:: Your assignment ::
From the first line to the last, repeat the records exactly and skip the pictures.

:: Data for processing ::
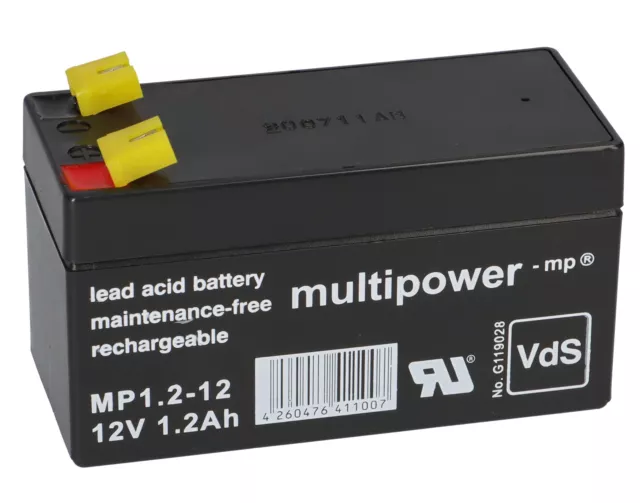 Multipower Blei-Akku MP1.2-12 Pb 12V 1,2Ah VdS Akku AGM GEL Blei Batterie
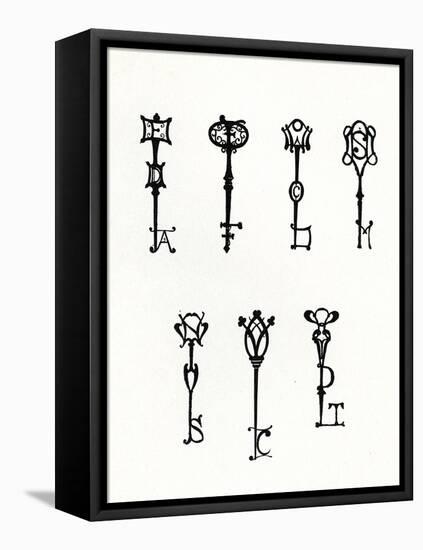 Seven Designs of Initial Keys for the Back Covers of the 'Keynote' Series (Litho)-Aubrey Beardsley-Framed Premier Image Canvas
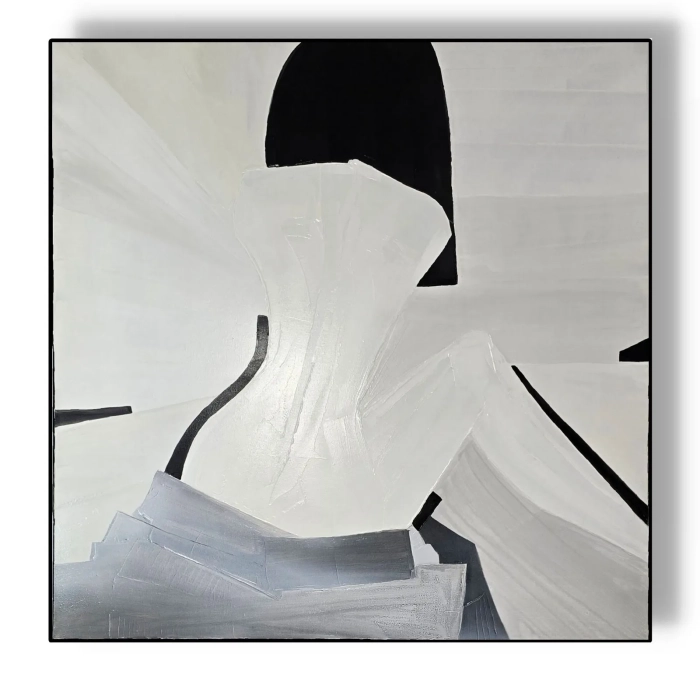 Essence - Abstrakcja Geometryczna 100x100 Biały i Beże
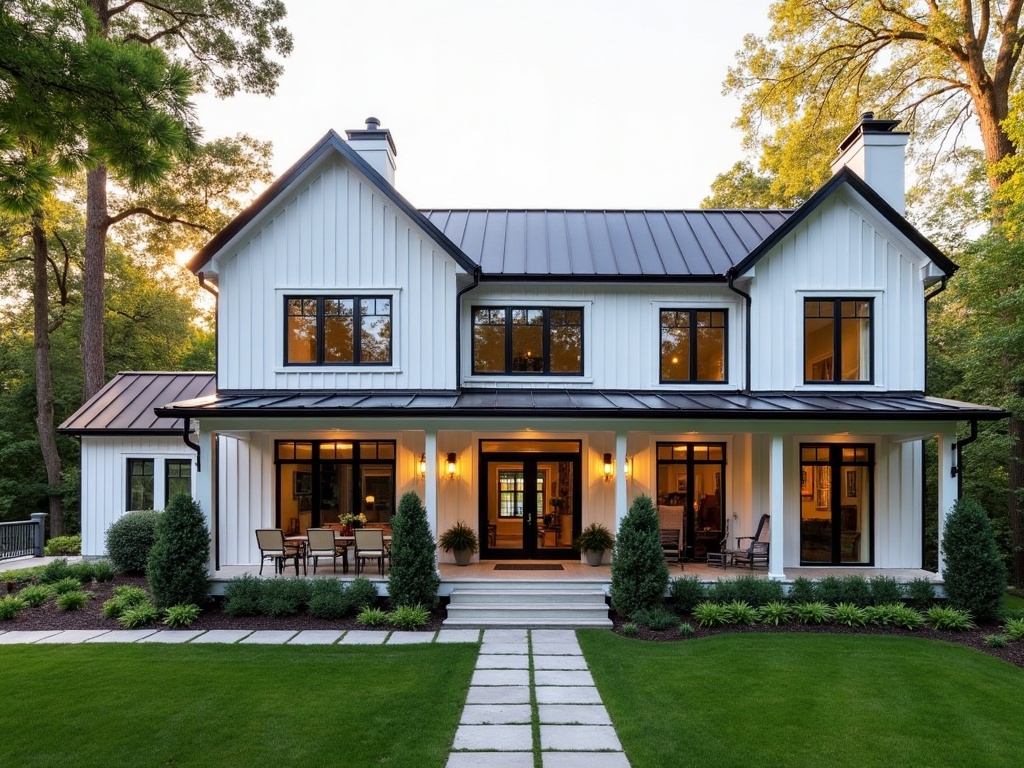 A modern farmhouse exterior designed in Super Arbor — board-and-batten siding, black standing-seam roof, covered porch at dusk.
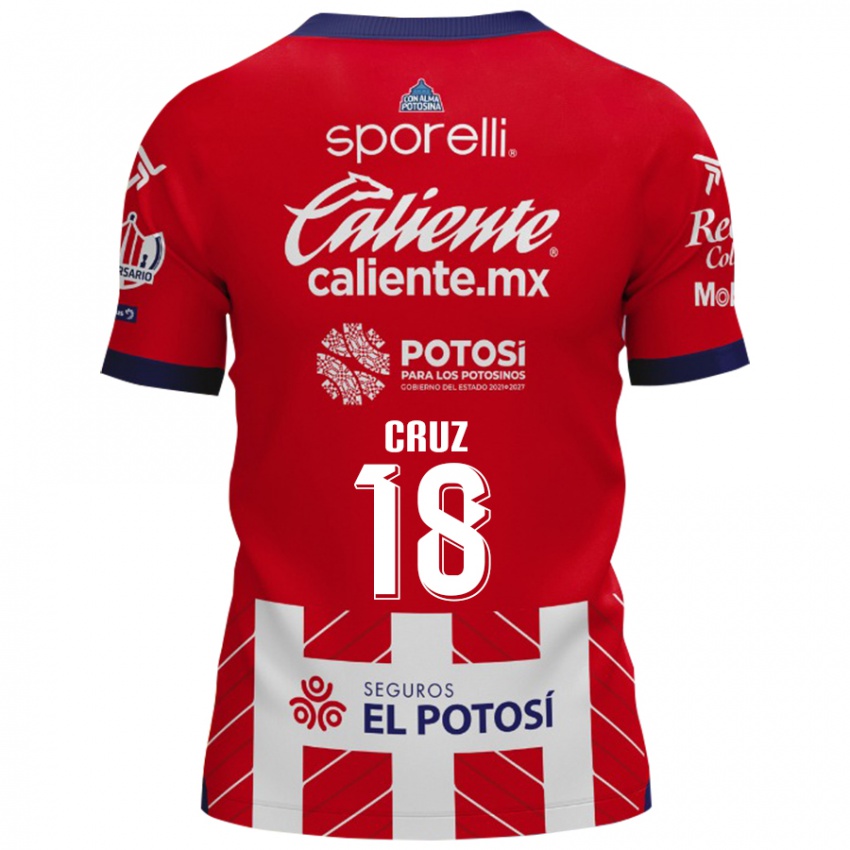 Niño Camiseta Aldo Cruz #18 Rojo Blanco 1ª Equipación 2024/25 La Camisa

:: Response area ::
 Multipower Blei-Akku MP1.2-12 Pb 12V 1,2Ah VdS Akku AGM GEL Blei Batterie
 Seven Designs of Initial Keys for the Back Covers of the 'Keynote' Series (Litho)-Aubrey Beardsley-Framed Premier Image Canvas
 Essence - Abstrakcja Geometryczna 100x100 Biały i Beże
 A modern farmhouse exterior designed in Super Arbor — board-and-batten siding, black standing-seam roof, covered porch at dusk.
 Niño Camiseta Aldo Cruz #18 Rojo Blanco 1ª Equipación 2024/25 La Camisa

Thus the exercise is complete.